When you listen to the blues, it’s
sad, it’s slow, and it wraps you around someone’s story. It’s so beautifully
painful. The artist pouring out their heart and soul into the song they have
created. Toni Morrison’s The Bluest Eye is like the blues. It’s a sad slow song
that wraps you around someone’s story making you feel the emotions being
portrayed but in her own style making sure you know its not you average story.

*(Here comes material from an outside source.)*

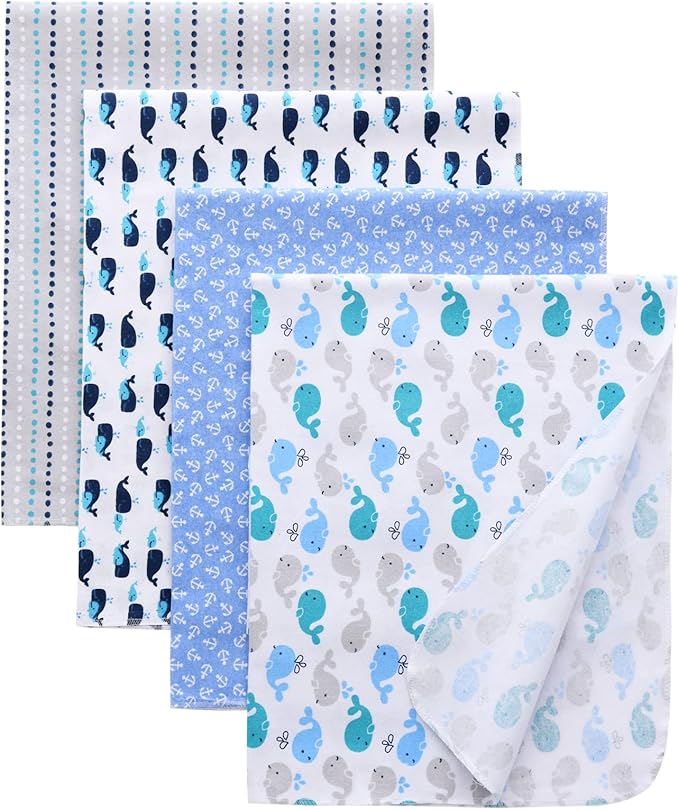 Gina Era Flannel Receiving Blankets, Baby Swaddle Blankets 100% Cotton 4 Pcs by GinaEra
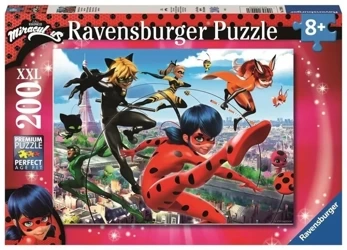 Puzzle 200 Miraculum. Biedronka i Czarny Kot XXL - Ravensburger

Turning a book into a beautiful blues song.
The book
doesn’t speak of just anyone’s blues there isn’t one person going through a
problem the book talks of everyone’s problems. Pecola, Freida, Claudia, Cholly,
Mrs. Breedlove and even minor characters like Maureen had their problems
reflected in the book. Their problems were not ass bad as Pecolas but they
still brought out a sympathetic feeling out of the reader. We have Claudia and
who is struggling to embrace her own colors in a way. You can see this in the
way she gets upset at the white doll she is given and when Maureen was being
put on a pedestal because of her skin tone. I feel like her anger and wanting
to hurt people when she was upset was her way in coping with it. In a way I
feel like she was having her own struggle even Maureen to me had her own little
struggle because it seemed the she couldn’t even realize that she wasn’t white.

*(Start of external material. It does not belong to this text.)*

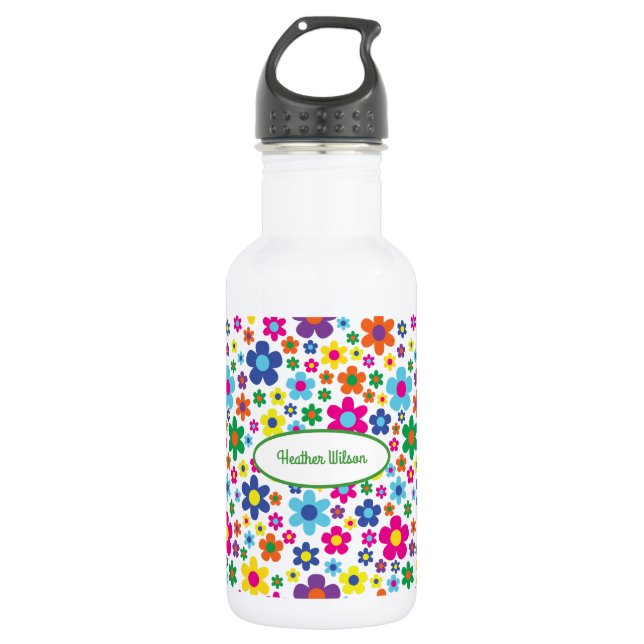 Fleurs Cute Kids Bouteille d'eau avec nom (Devant)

Lighter than everyone she may be but one of her parents is still black and I
feel that she doesn’t accept it. Sometimes when you hear a blues song it doesn’t
just talk about that one person it has another party in the song and I feel
every character in the book was another party that was added to make the
story/song what it was.
Ultimately
though the song comes back to the one person that song or person was talking
about. It may go to other topics but the song always comes back to the main
point. To me the main point was Pecola because without her there would be no
song. Her problems are so severe but it makes people feel better about their
selves. It’s like their life may suck but at the end of the day as long as they
aren’t Pecola they can survive. And like a blues song the story tries to make a
good in that bad, yes its bad they
deserted Pecola and she was treated horribly but it helped others move on with
their own lives. So in a way Pecola was a savior to the people.